Privacy in overpopulated worlds

Of course you could argue that you can also enjoy private areas with a group, thus making the experience a collective one, something that you just can't find in any single-player game. While that is true, it's also true that you lose a little bit of what makes an mmorpg such a great community experience in my opinion. No more groups suddenly coming to the aid of an unsuspecting fellowship of players that are suddenly assaulted by enemies they could not beat. Unforeseen encounters and events like this are what makes an mmo such a great and different experience every time you play. If you cut off groups and individuals from each other by sending them to privately spawned areas, then what is there left of this dynamic?

In the attempt to find "the problem" with mmorpgs, I believe we will soon see that private encounters, or areas, are not a solution because they just don't address the real problem.

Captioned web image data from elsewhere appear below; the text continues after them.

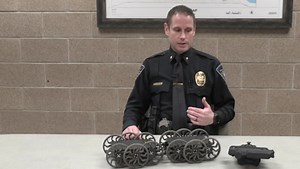 Spring Lake Park Police now use reconnaissance robot on some scenes : NMTV : Free Download, Borrow, and Streaming : Internet Archive
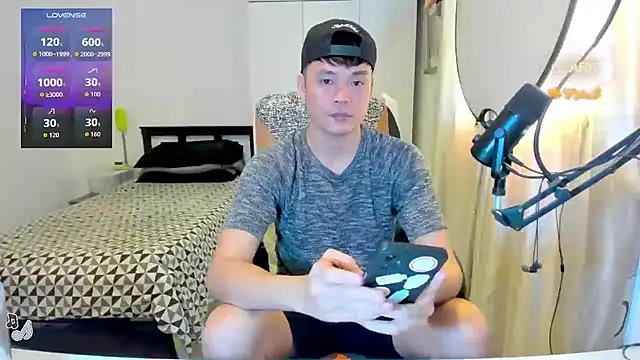 clarkdangerous 网络视讯表演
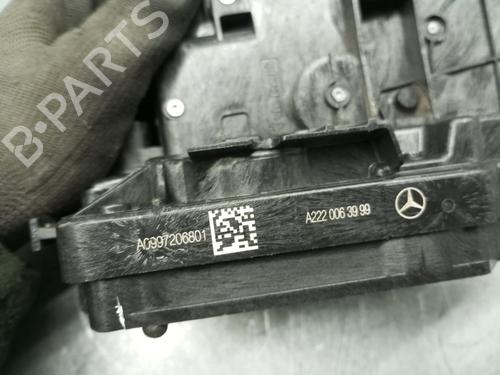 Front right lock MERCEDES-BENZ GLC (X253) 220 d 4-matic (253.915) | BP23530594C97 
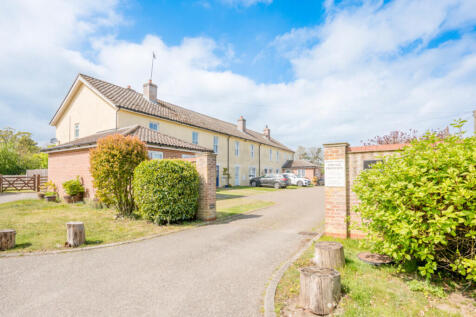 Pump Cottage, Theberton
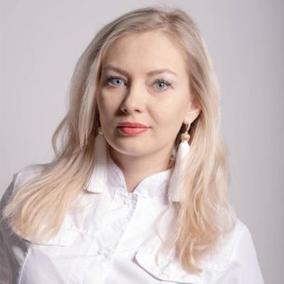 Хорохордина Ксения Николаевна, эндокринолог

I'm not altogether against the feature itself as I think it can work great in some circumstances. I just think that people will soon come to see that griefers were not really what was killing their experience to begin with. I think that private encounters will actually start to underline the true problem with mmorpgs: the lack of purpose and involvement within the world you are thrust into.

And to fix that, well… Make death more meaningful, make quests engaging and unique, make content speak on behalf of the game world, make NPCs less static and generic. Make the player feel as if he's really in a world that breathes and lives even when there are no other human players around. Make it dynamic and believable. Ground it with a background that has a history and a lived-in feel to it. The world itself is everything, and the players should complement it. Instead, developers rely on the players to be the ones to provide everything that I just mentioned with their own experiences. We think that players need total freedom. But you need tools to enjoy freedom, otherwise it just becomes boring. Players are lazy in general, and need to be spoon-fed, myself included!

So what does this mean about private encounters? Well, I guess it's good, but not so good. It's a nice feature, but certainly not a solution as some developers seem to want us to believe. And to me it will just make the real problem become more obvious. I guess that's a good thing too, because then maybe someone will finally sit up and see it, and maybe even fix it for once! But until then, enjoy your single-player mmorpg once it comes out.